The main goal of BiophotOmics project is to develop an innovative portable medical device (HS-Bio), for the molecular imaging of circulating haematic cells plasmatic membranes, with a particular focus of on the membrane of red blood cells (RBCs), as an innovative molecular sensor of health status in patients. We want to identify new diagnostic and predictive markers of the health status, by combining Key Enabling Technologies (KET) to a “-omic” approach. Whole blood is the main character of this project, as starting from the analysis of a single blood drop, we want to characterize the membrane plasmatic molecules, in particular the fatty acids, as the principal component of membrane phospholipids and comprehend how the phospholipid content may be different in health and pathologic status. These differences will be, therefore, related to clinic parameters, to finally generate standards that can be used to discriminate among different diseases.

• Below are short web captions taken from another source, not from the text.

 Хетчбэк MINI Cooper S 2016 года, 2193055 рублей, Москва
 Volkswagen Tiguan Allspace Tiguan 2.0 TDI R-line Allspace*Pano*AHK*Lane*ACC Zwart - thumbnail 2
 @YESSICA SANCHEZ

BiophotOmics project is focused on the analysis of membrane molecules, such as lipids, in metabolic disease (diabetes, gout, hypercholesterolemia, obesity), neurologic diseases (Alzheimer’s disease, Multiple Sclerosis disease), and tumor disease (Hepato Cellular Carcinoma - HCC).
Metabolic diseases consist of metabolic pathway alterations, such as diabetes, hyperglycemia, hipoglycemia, and obesity.

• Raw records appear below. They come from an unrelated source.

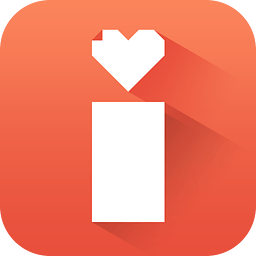 美圖愛水印(批量加水印)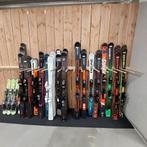 Rossignol Ski | Forza Hero Nova Experience | Nieuw Overjarig, Nieuw, Ski, 160 tot 180 cm, Ophalen of Verzenden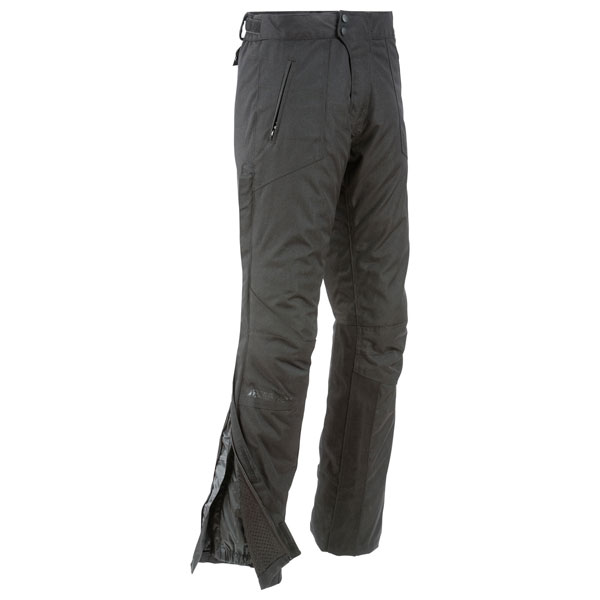 2060_Ballistic_7.0_Pants_.jpg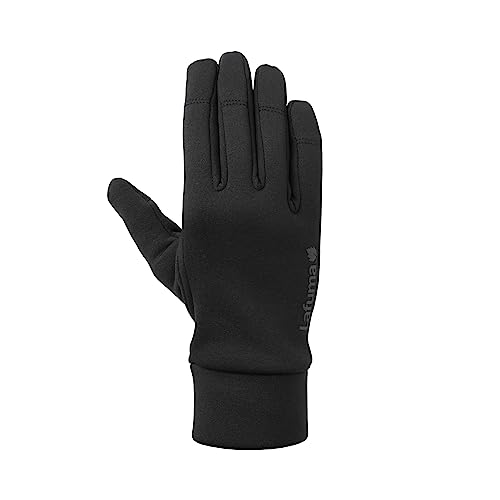 Lafuma Access Handschuhe Unisex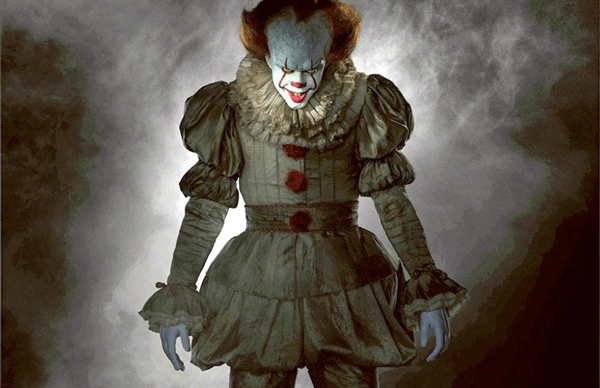 'It': El estudio acelera en el desarrollo de la secuela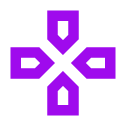 mark1.png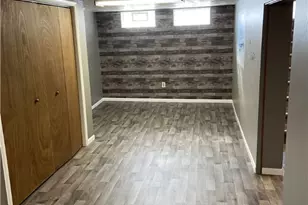 30195 Truman Ave, Wickliffe, OH 44092 - Photo 26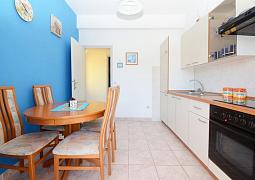 Apartmán A-567-a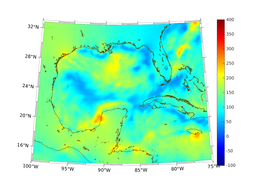 LHTFL_surface_18f005_interp.png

Neurologic diseases include all disorders related to the central nervous system, such as Multiple Sclerosis diseases, cerebrovascular disease, Alzheimer’s and Parkinson’s disease, epylessia, and peripheral nervous system, such as myasthenia.
Tumor diseases are characterized by uncontrolled cell proliferation, so that they become capable to do self-renewal, neo-angiogenesis escaping the immune system, becoming also able in infiltrating into normal tissues and, therefore, compromising structures and functions.

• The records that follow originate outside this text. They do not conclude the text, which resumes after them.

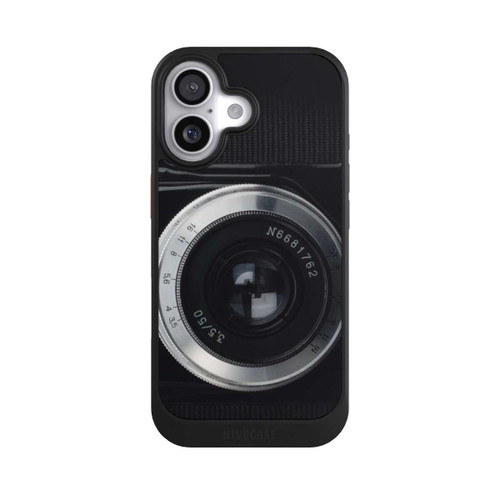  NIVOcore Instantané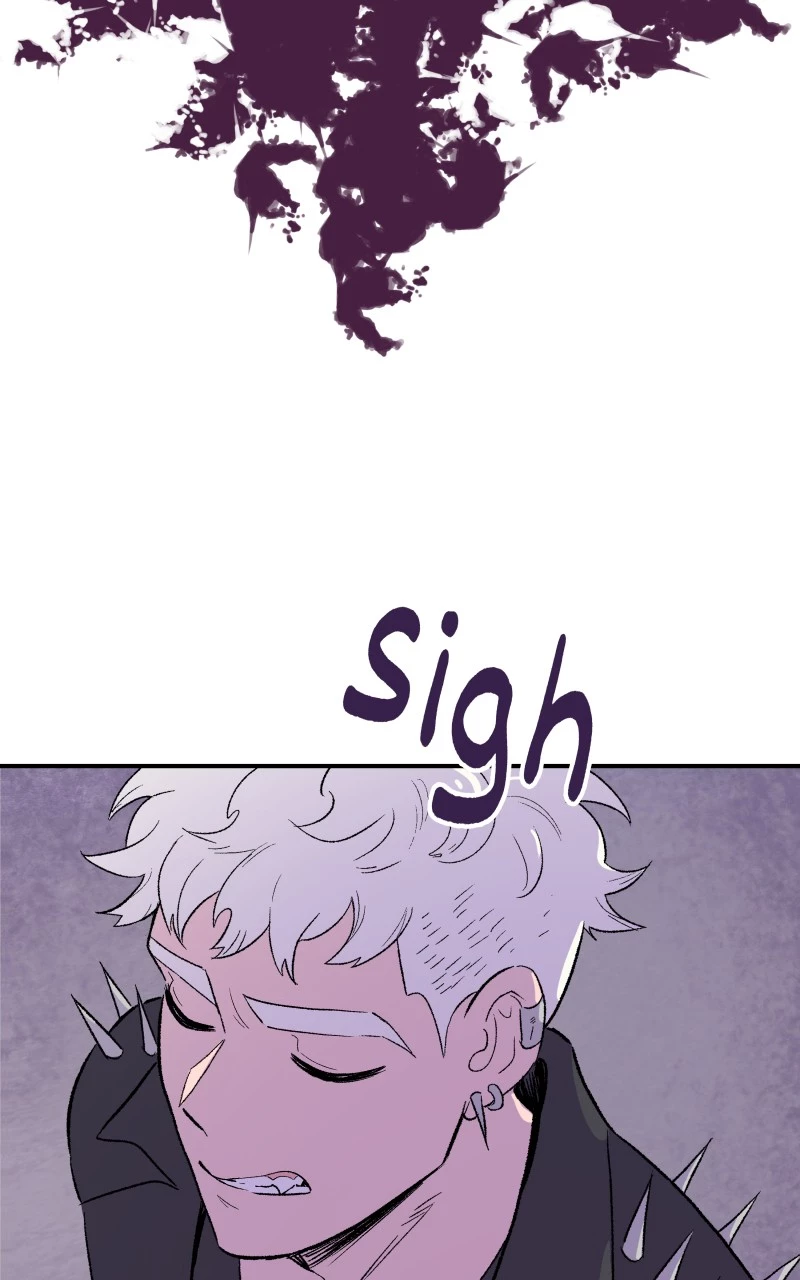 Read Morgana And Oz Manga Online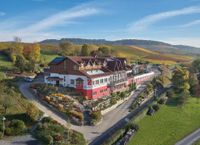 ⭐️ Hotel Wo der Hahn kräht ➡️ Putz- und  (m/w/x), 74223 Baden-Württemberg - Flein Vorschau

The aim of in vitro experiments is to find a possible correlation between lipidomic of plasma membrane of red blood cell and nervous and glial cells in basal conditions and after stimuli that mimic the animal disease models previously described (i.e. inflammation, iperglycemia and exposure to beta-amiloid peptides). Macrophages (cell line), neurons, astrocytes and oligodendrocytes (primary cell cultures) are the cells included in the study.
The experimental disease is characterized by inflammation, strong demyelination and partial re-myelination. Pathology progression is daily monitored from induction (active immunization) assigning a neurological disability score at each mouse. The disease reaches the severity peak two weeks after induction (acute phase), then the animals goes to a partial remission and chronicization (remission phase). Body weight gain of EAE mice is reduced compared to the control animal.
Dbdb mouse carries a spontaneous mutation in the gene that encodes for the Leptin Receptor. These animals show severe obesity, Hyperglycemia, polydipsia, polyuria. This model shows altered phenotype in metabolic, reproductive and immune systems, making this model coherent with human type 2 diabetes.
Many animal models for this dementia are available. The transgenic model we choose (Tg2576), carries the Swedish mutation of the gene encoding for amyloid precurson protein (APP). Early signs of cognitive impairment appear in 5/6 months old mice. The animals are monitored since adulthood with behavioral test, i.e. Y-maze (showed in the pictures below), to evaluate learning and different memories.
Hepatocellular carcinoma is a multistep pathologic process, characterized by the progressive evolution of hepatic diseases, causing cellular degeneration driven by fibrosis and cirrhosis, to the necrosis and tumor development.
In hepatocellular carcinoma mouse model, mice are treated with an intraperitoneal injection of Dietyl-nitrosammina (DEN) followed by be-weekly treatment with carbonate Tetrachloride (CCL4), in order to study all the different steps related to the tumor process.
Clinical research is performed on human patients, to acquire more knowledge related to the diseases and to find out new treatments, and to develop new devices and new diagnostic procedures, for improving health care. Therefore, volunteers and patients affected with metabolic, neurologic, and tumor diseases will be recruited allowing us to perform more advanced studies.